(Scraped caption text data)
━━━━━━━━━━━━━━━━

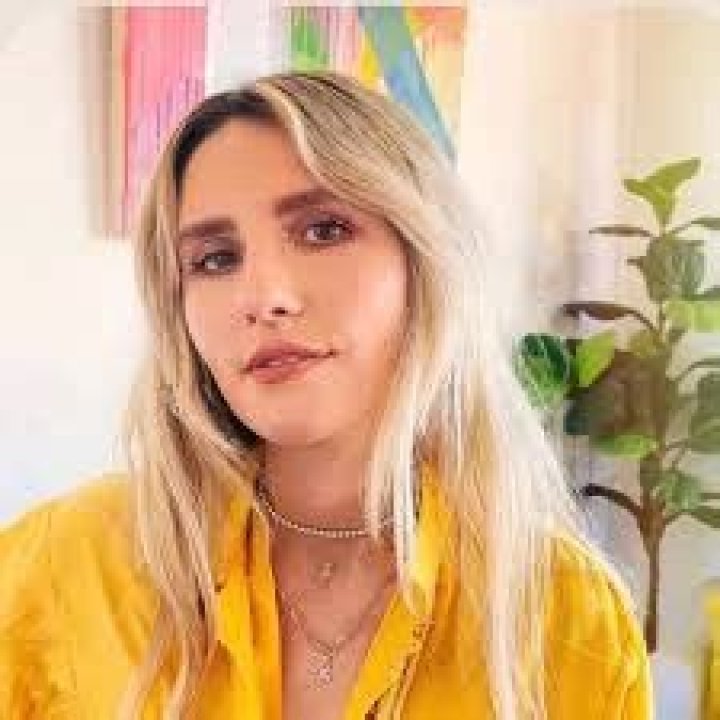 paris-carney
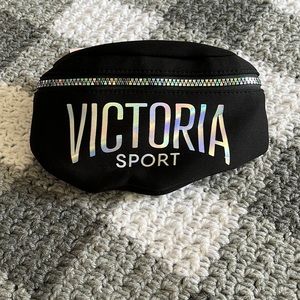 NWT Victoria Secret sport fanny pack
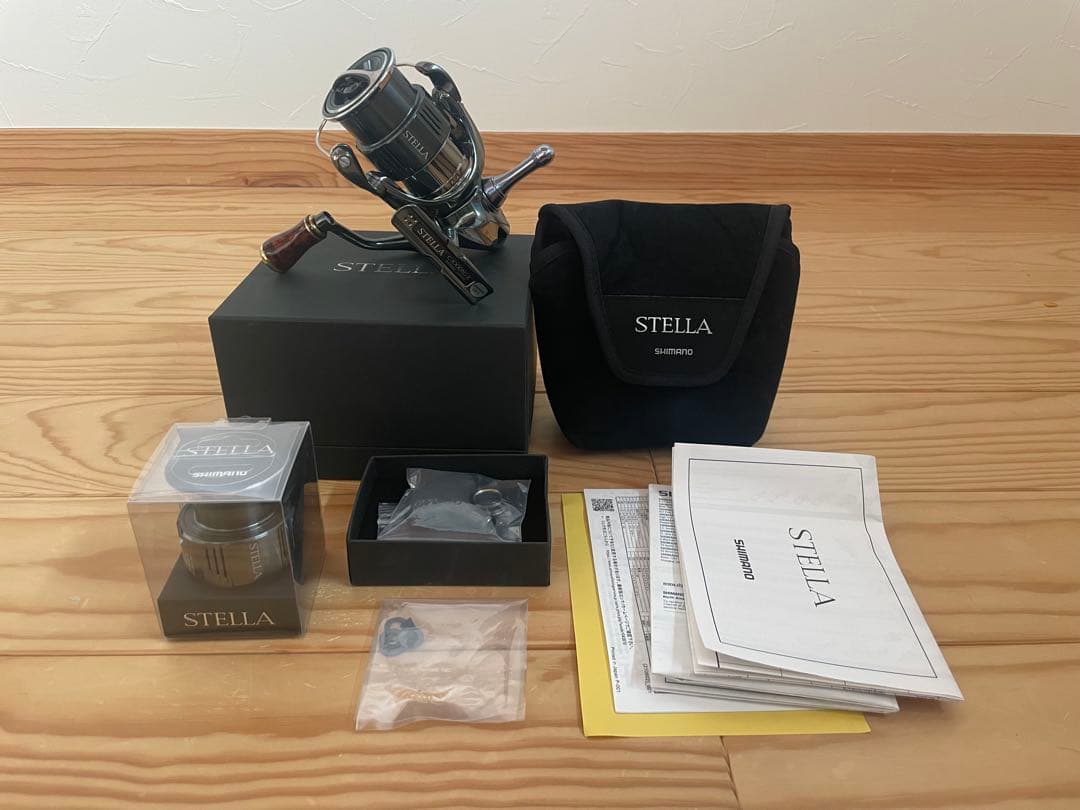 22ステラ　C3000XG ウッドノブ　替えスプール付き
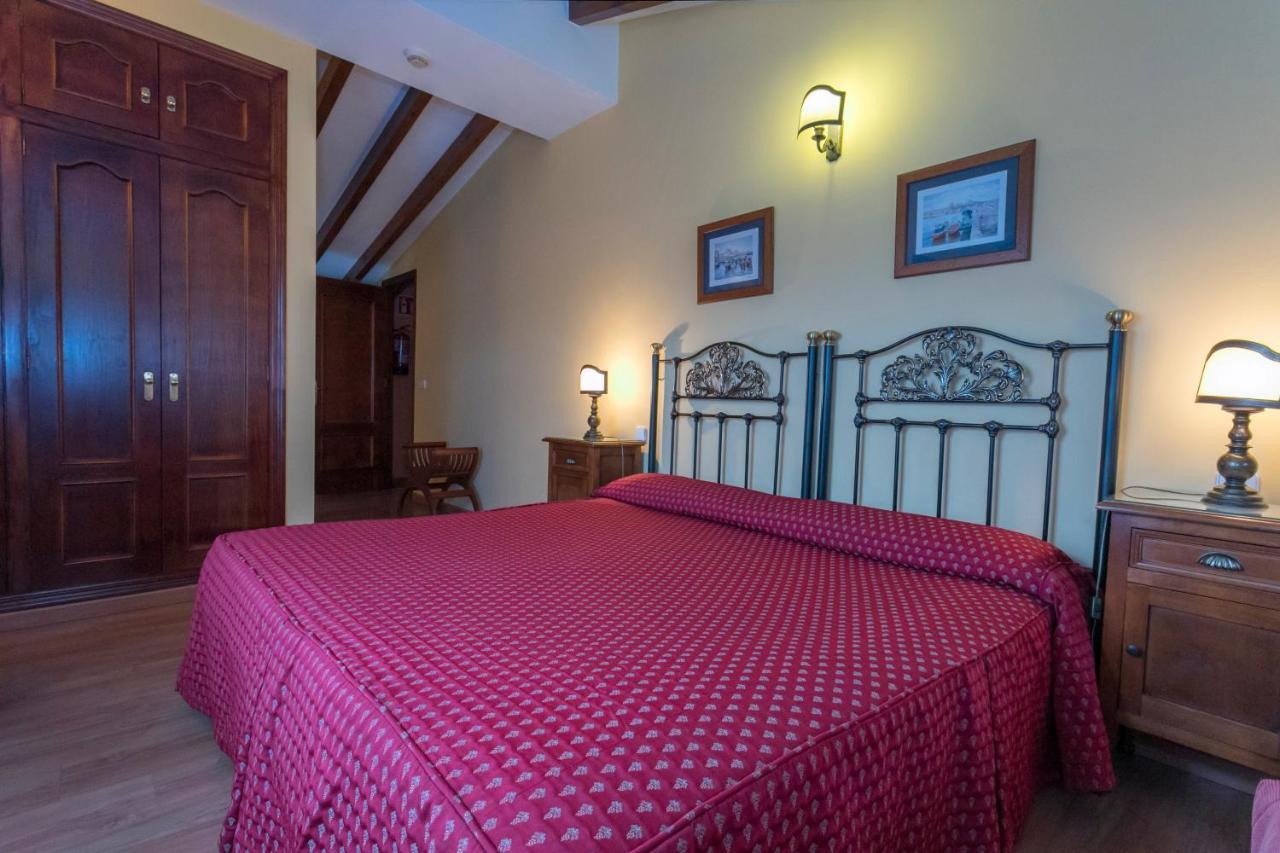 Posada De La Abadia - Adults Only Santillana del Mar Exterior photo
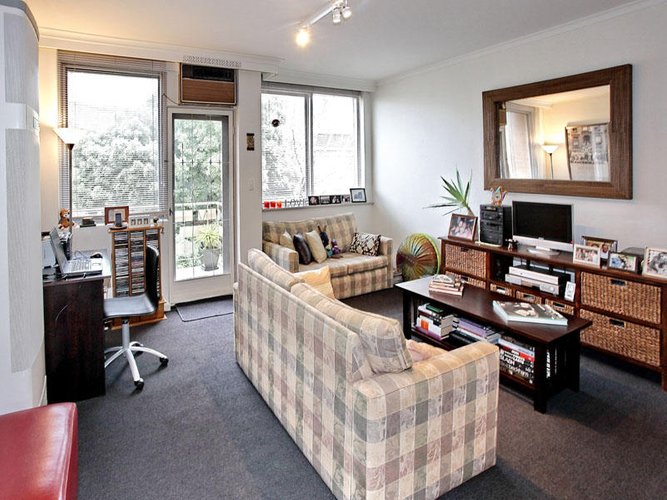 15 35 Dickens Street Elwood 3184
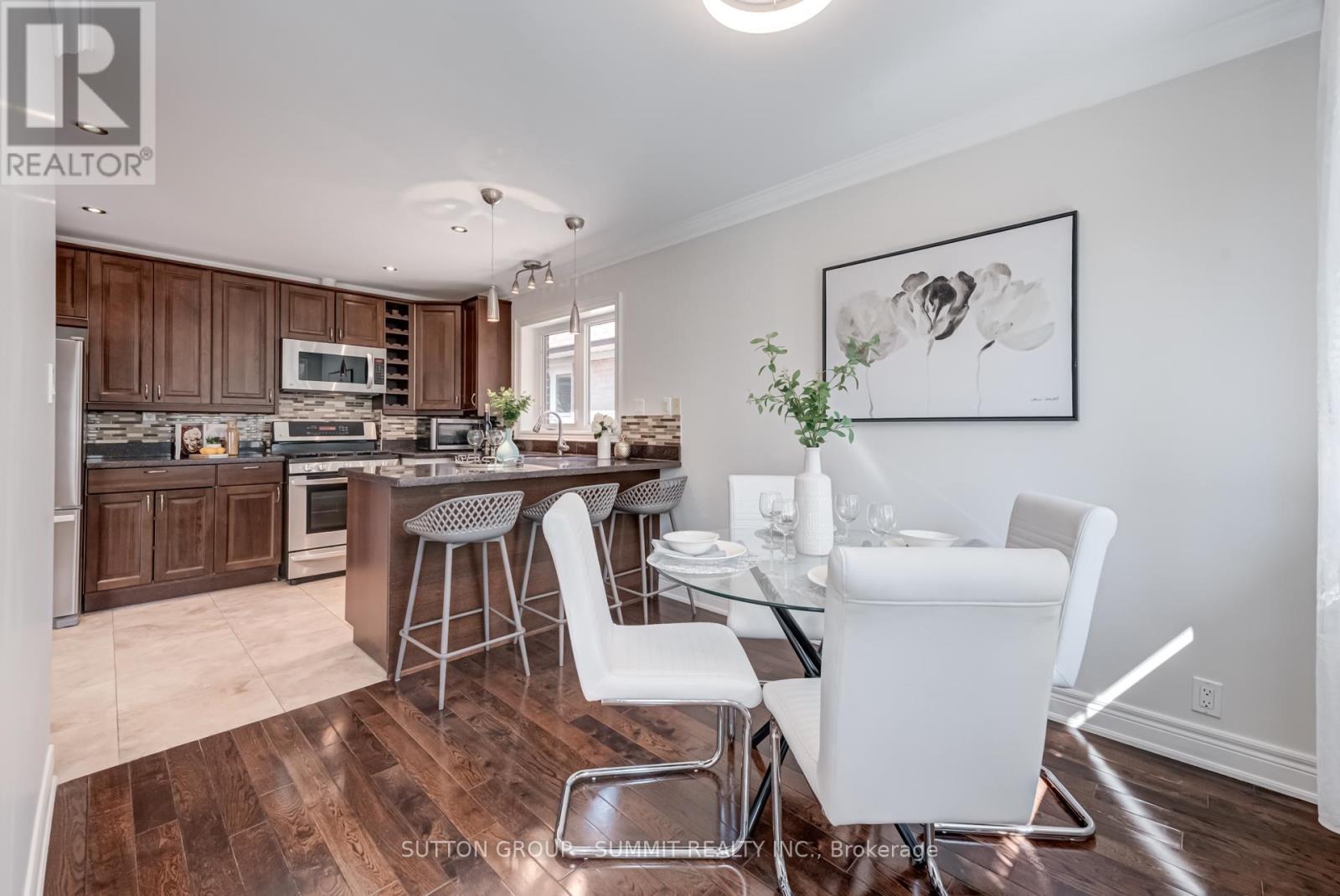 Photo 16 of 47 Rayside Drive S, Toronto ON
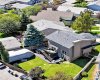 Fully renovated, large walkout lot Fully renovated, large walkout lot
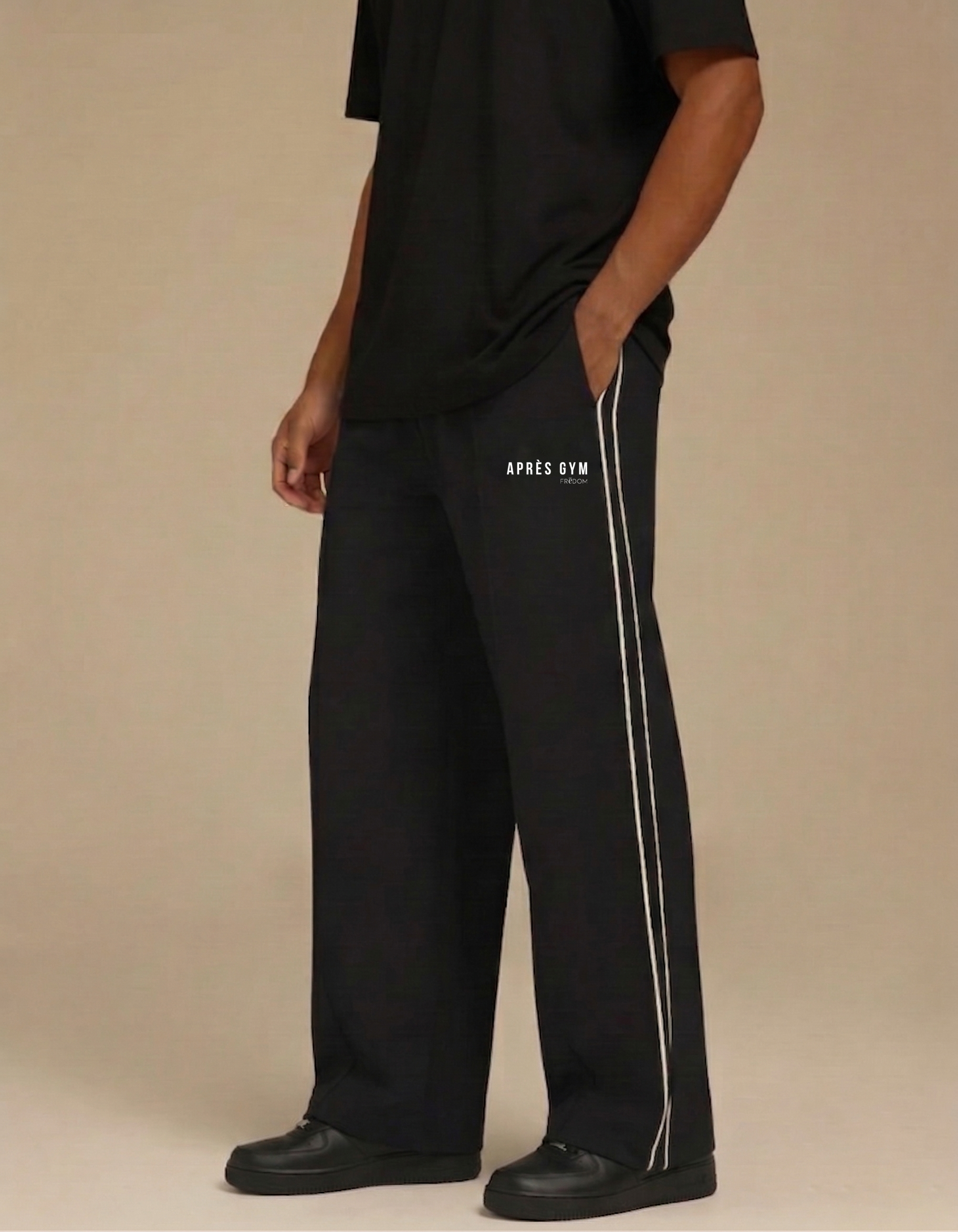 The Après Gym Side-Stripe Jogger- Men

━━━━━━━━━━━━━━━━

Set down exactly, and only, the lines from the one holding "NWT Victoria Secret sport fanny pack" to the end of the records above, leaving every picture out.

 NWT Victoria Secret sport fanny pack
 22ステラ　C3000XG ウッドノブ　替えスプール付き
 Posada De La Abadia - Adults Only Santillana del Mar Exterior photo
 15 35 Dickens Street Elwood 3184
 Photo 16 of 47 Rayside Drive S, Toronto ON
 Fully renovated, large walkout lot Fully renovated, large walkout lot
 The Après Gym Side-Stripe Jogger- Men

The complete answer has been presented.